Deradikalisasi dan Meng-Indonesia-kan Sel Tidur ISIS
Diendapkan, dikonfirmasi, difalsifikasi, diverifikasi dan divalidasi dulu, sebelum diterima sebagai “akar masalah.” Itu pun bersifat sementara, sampai ketemu “akar masalah” lain yang lebih “mengakar”. Dengan berpikir radikal yang filosofis, seseorang menjadi terbuka dan toleran. Sadar ada kebenaran, kebaikan dan keselamatan lain di luar diri dan kelompoknya.
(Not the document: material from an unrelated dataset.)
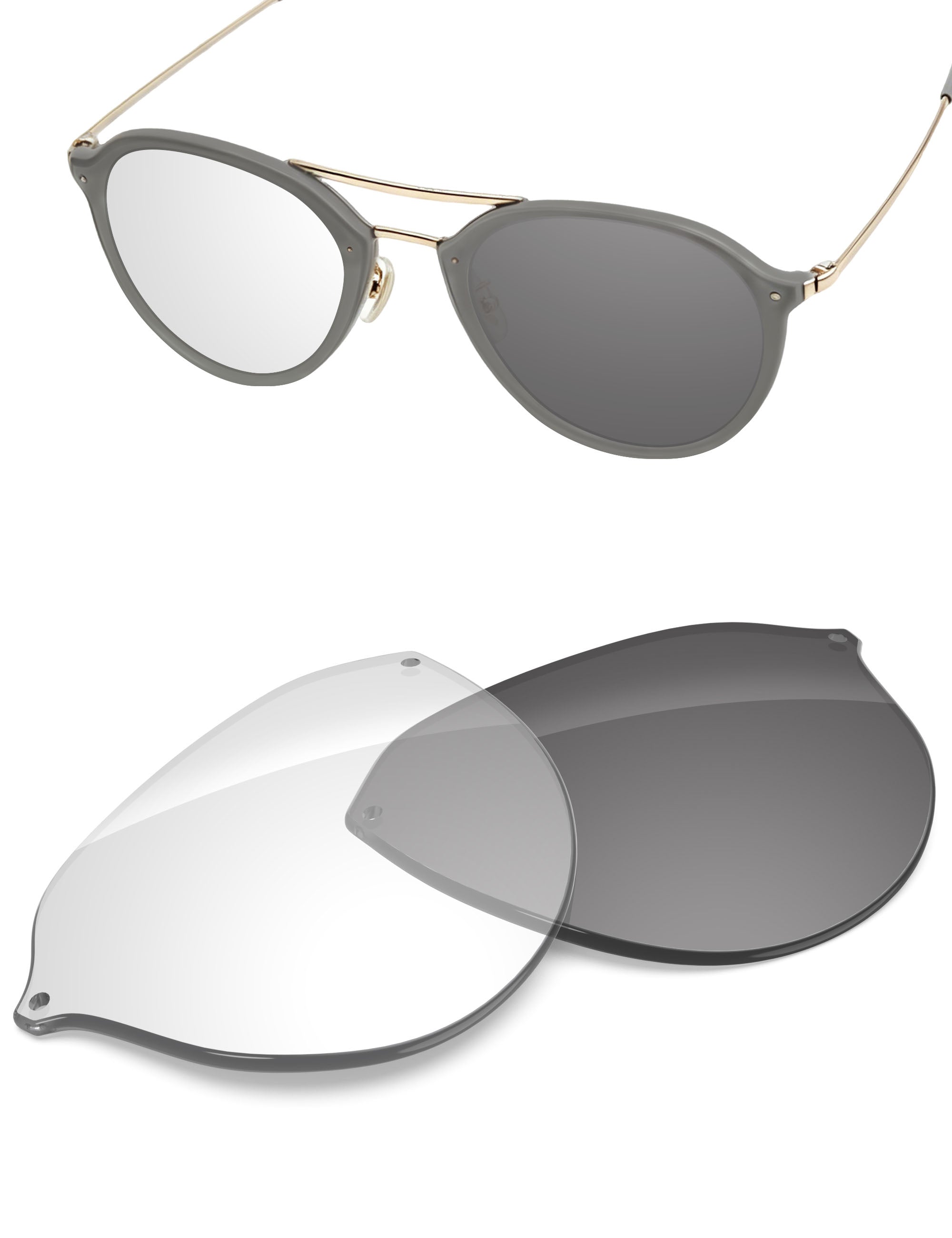 Adapt Gray Photochromic-Non-Polarized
De-ideologisasi dan re-ideologisasi sel tidur ISIS, dari Wahabiyah Jihadiyah menjadi Pancasila, sulit berhasil, apabila prosesnya dilakukan dengan pendekatan ideologis. Karena Wahabiyah Jihadiyah dan Pancasila adalah sama-sama ideologi. Produk dari sebuah proses.
Wahabiyah Jihadiyah produk proses berpikir ulama mereka, sedangkan Pancasila, produk kesepakatan bangsa Indonesia. Kebenaran ideologi Wahabiyah Jihadiyah berdasarkan klaim sepihak penganutnya, sedangkan kebenaran ideologi Pancasila berdasarkan kesepakatan penganutnya.
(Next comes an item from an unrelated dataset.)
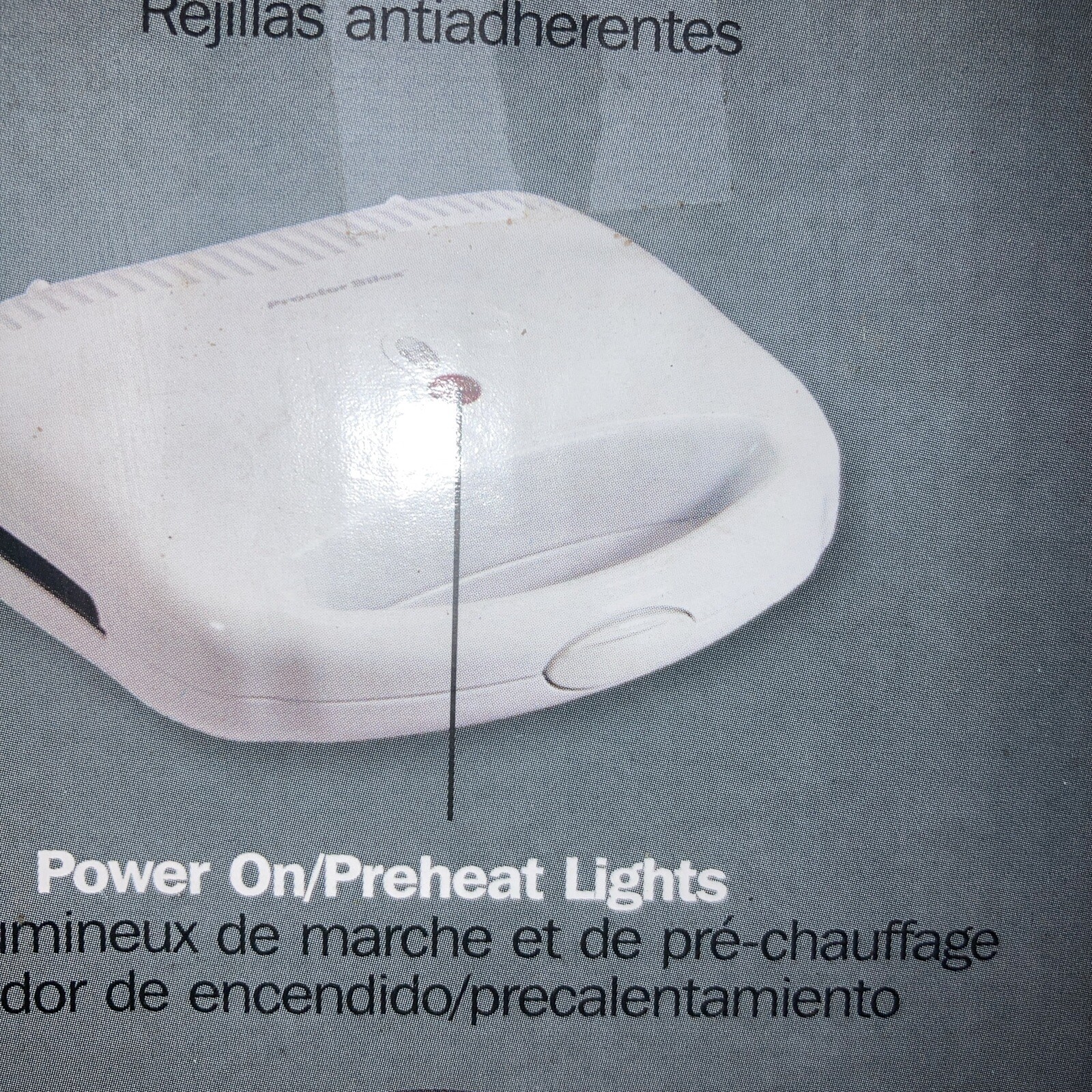 Sandwich Maker, Proctor Silex Nonstick Surface, White, Model 25401P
Bagi penganutnya, kedua ideologi tersebut sudah final. Tidak ada lagi yang perlu didialogkan atau didiskusikan. Kalau berbeda, ya sudah, jalan masing-masing. Sel tidur ISIS tetap dengan ideologi Wahabiyah Jihadiyah, warga Indonesia tetap dengan ideologi Pancasila.
Jika demikian, wajar kalau kontra radikalisme dan deradikalisasi yang dilakukan pemerintah, besar pasak daripada tiang. Lebih besar anggaran yang keluar ketimbang jumlah sel tidur ISIS yang bertobat. Harus ada pedoman dan metode yang netral, dimiliki, diakui dan disepakati oleh kedua belah pihak, yaitu agama, hati dan nalar.
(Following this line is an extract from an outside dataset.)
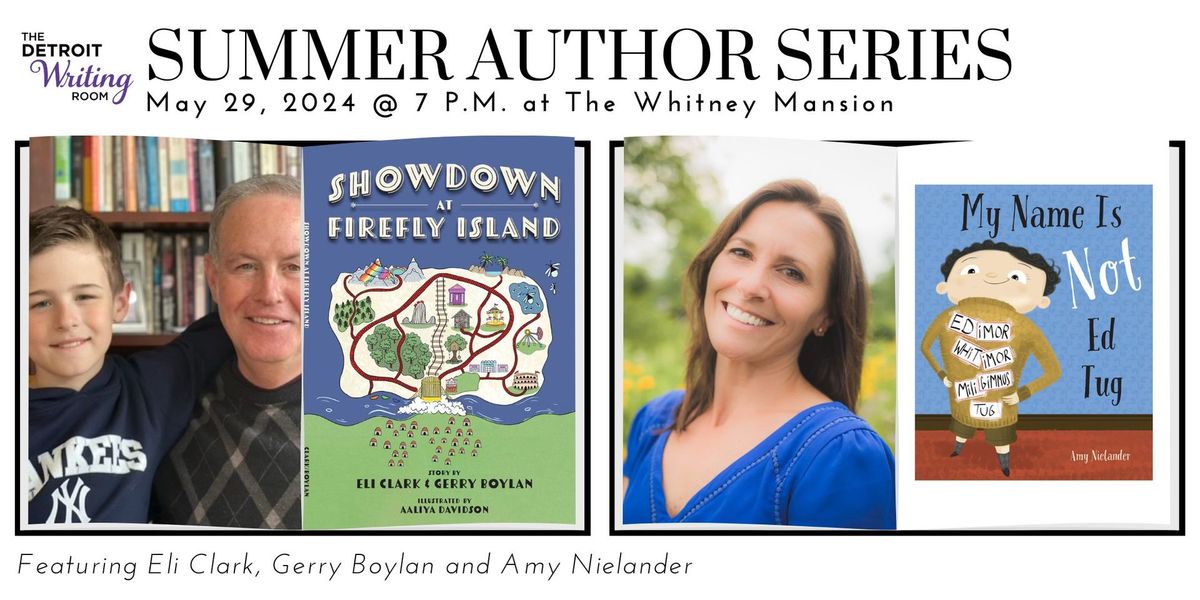 Summer Author Series ft. Gerry Boylan and Amy Nielander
Kedua belah pihak, melepaskan dulu baju ideologinya sebelum dialog/diskusi sehingga tidak menimbulkan resistensi ideologis. Resistensi ideologis, penghalang utama de-ideologisasi dan re-ideologisasi. Dalam upaya tersebut, para ahli agama memposisikan diri sebagai teman dialog/diskusi ilmiah, bukan sebagai hakim ideologis yang siap-siap memvonis mereka.